# YOUR OBJECTIVE
Write out each record below exactly, but not the pictures.

# DATA UNDER STUDY
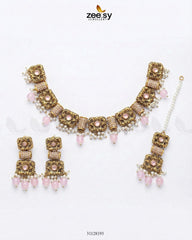 Square Floral Pearl Necklace Set - Zeesy Jewellery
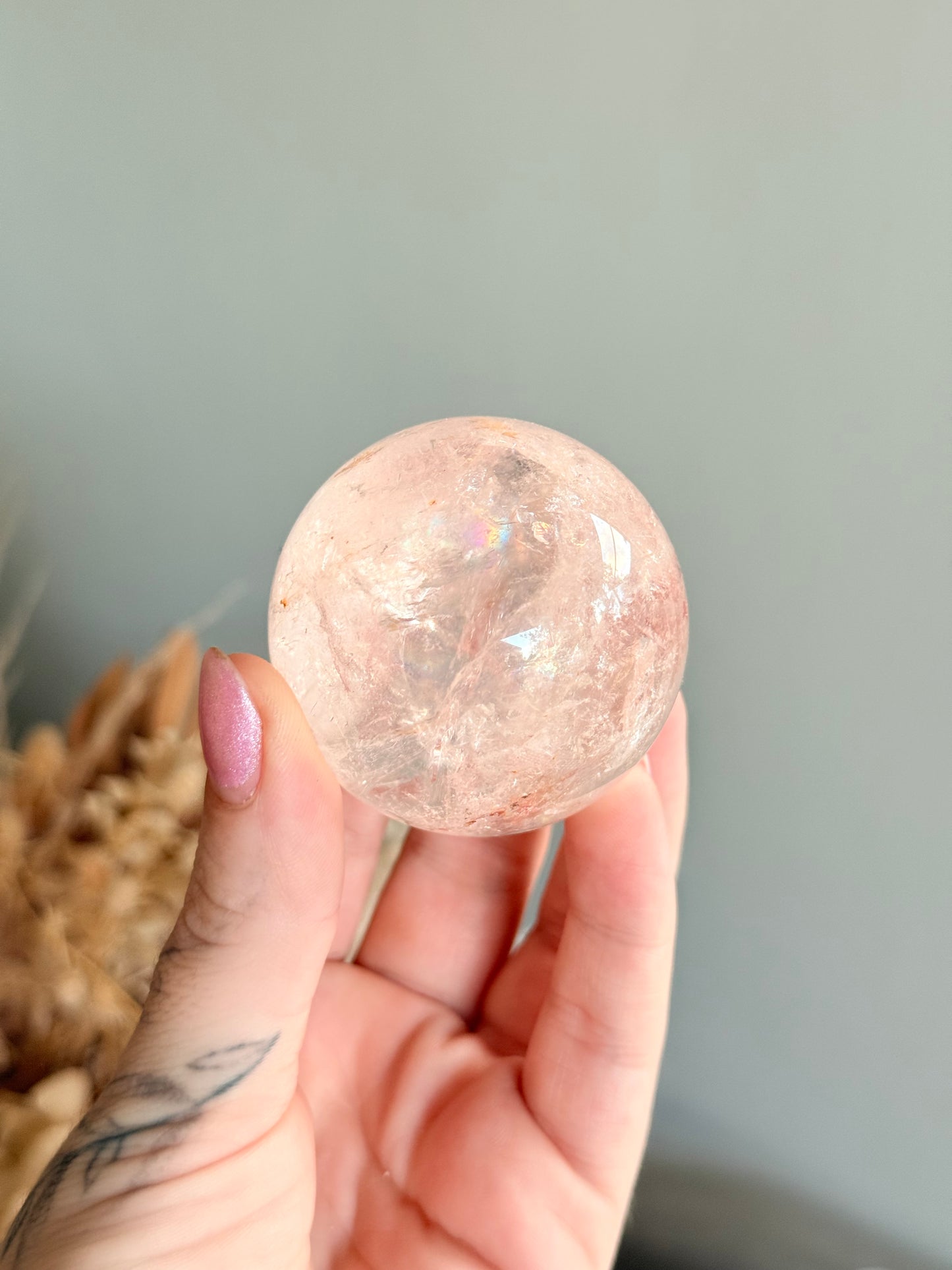 Himalayan Quartz with Hematite Sphere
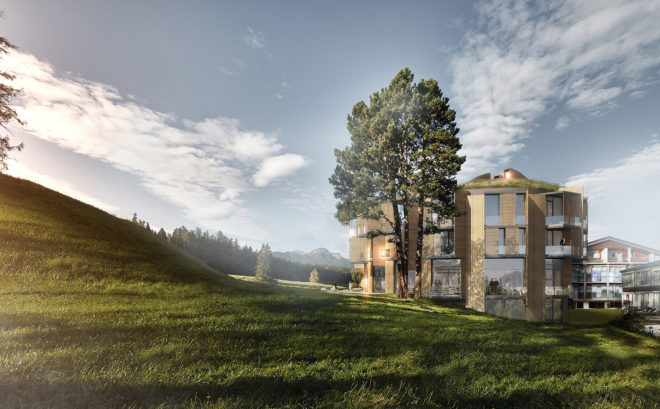Lanserhof Lans, ingenhoven architects, green roof, health facility, Austria, green renovation, Alpine architecture, green extension, natural materials, swimming pool, sauna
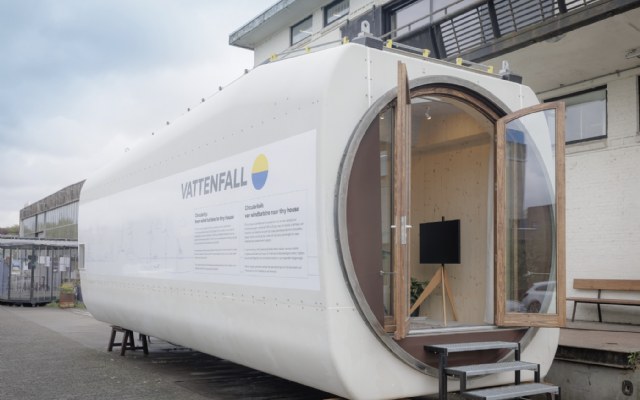 Vattenfall maakt tiny house van afgedankte windturbine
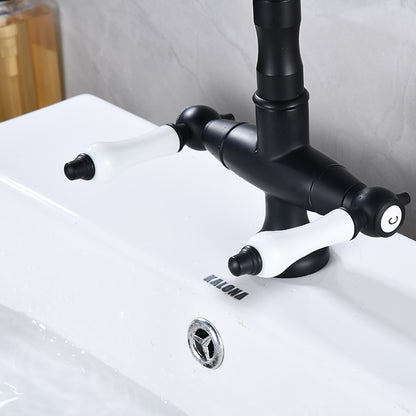 Antique Single-Hole Bathroom Faucet, Dual Ceramic Handle Swivel Spout Faucet, Antique Brass / Brushed Nickel / Chrome / Matte Black / Polished Gold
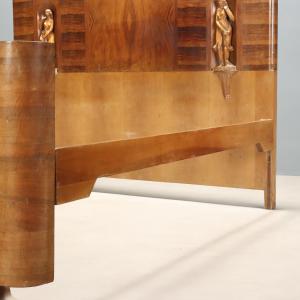 Letto Art Déco Italiano in Noce e Radica di Noce - Foto 10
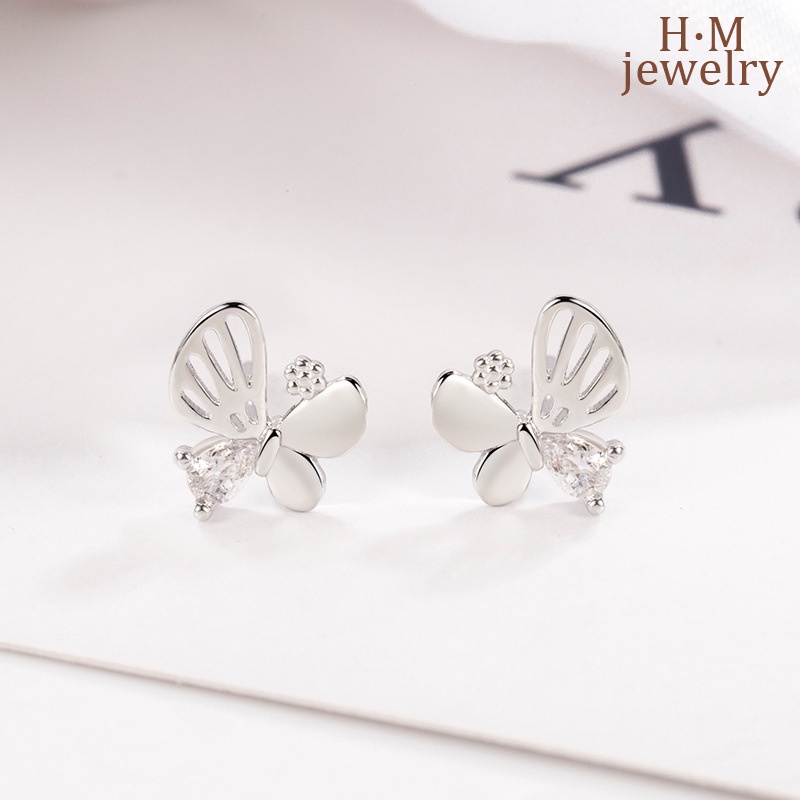 Anting Tusuk Asimetris Bentuk Kupu-Kupu Geometri Untuk Wanita Butterfly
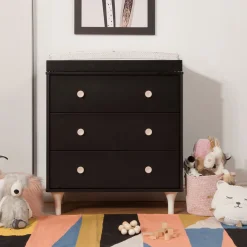 Changing Tables>Babyletto Lolly 3-Drawer Changer Dresser with Removable Changing Tray - Black / Washed Natural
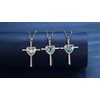 FANCIME Aquamarine Cross Necklace For Women Sterling Silver Birthstone Necklace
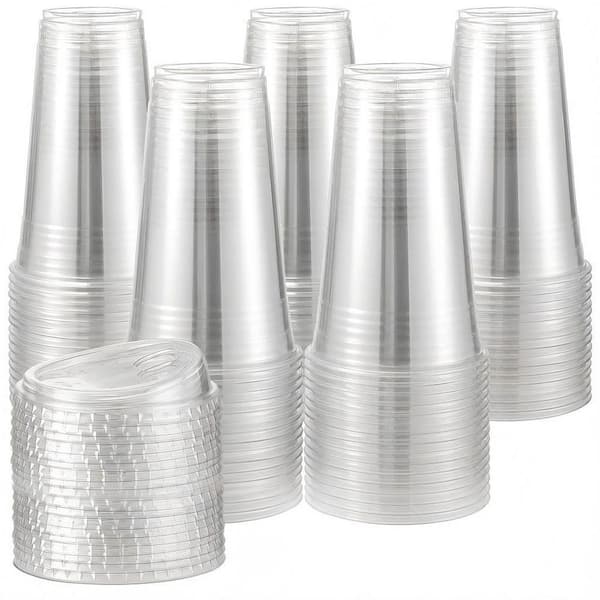 100-Pack 16 oz. Clear Plastic Cups with Strawless Sip Lids, BPA Free Disposable To Go Cups, Perfect for Iced Coffee
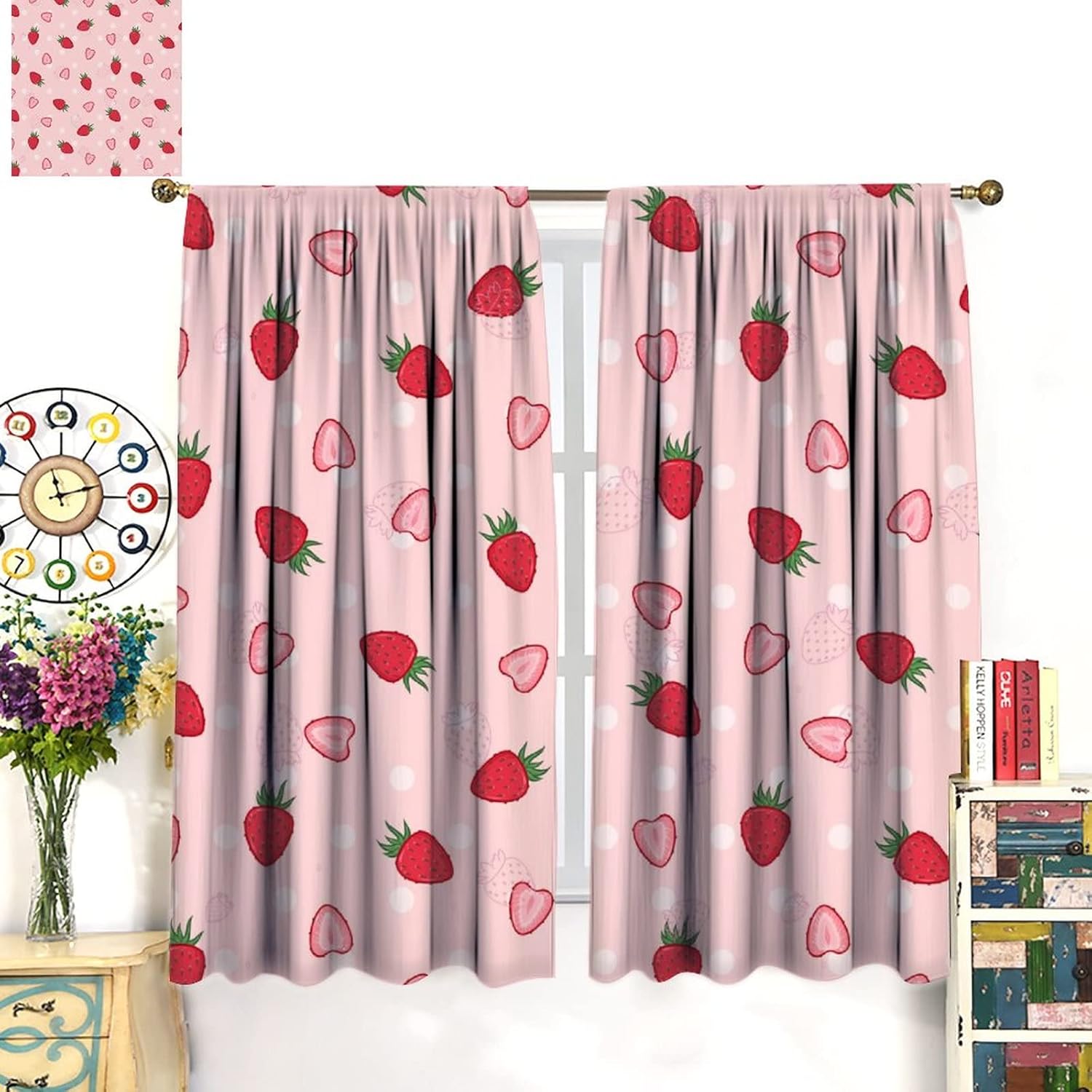 Pink Red Strawberry Rod Pocket Blackout Curtains - Girls Cartoon Cute Fruit Strawberry Print Window Curtains Set Energy Saving Insulated Drapes for Living Room 2 Panels 72L x 31.5W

# RESULT FOR THIS EXERCISE
 Square Floral Pearl Necklace Set - Zeesy Jewellery
 Himalayan Quartz with Hematite Sphere
Lanserhof Lans, ingenhoven architects, green roof, health facility, Austria, green renovation, Alpine architecture, green extension, natural materials, swimming pool, sauna
 Vattenfall maakt tiny house van afgedankte windturbine
 Antique Single-Hole Bathroom Faucet, Dual Ceramic Handle Swivel Spout Faucet, Antique Brass / Brushed Nickel / Chrome / Matte Black / Polished Gold
 Letto Art Déco Italiano in Noce e Radica di Noce - Foto 10
 Anting Tusuk Asimetris Bentuk Kupu-Kupu Geometri Untuk Wanita Butterfly
 Changing Tables>Babyletto Lolly 3-Drawer Changer Dresser with Removable Changing Tray - Black / Washed Natural
 FANCIME Aquamarine Cross Necklace For Women Sterling Silver Birthstone Necklace
 100-Pack 16 oz. Clear Plastic Cups with Strawless Sip Lids, BPA Free Disposable To Go Cups, Perfect for Iced Coffee
 Pink Red Strawberry Rod Pocket Blackout Curtains - Girls Cartoon Cute Fruit Strawberry Print Window Curtains Set Energy Saving Insulated Drapes for Living Room 2 Panels 72L x 31.5W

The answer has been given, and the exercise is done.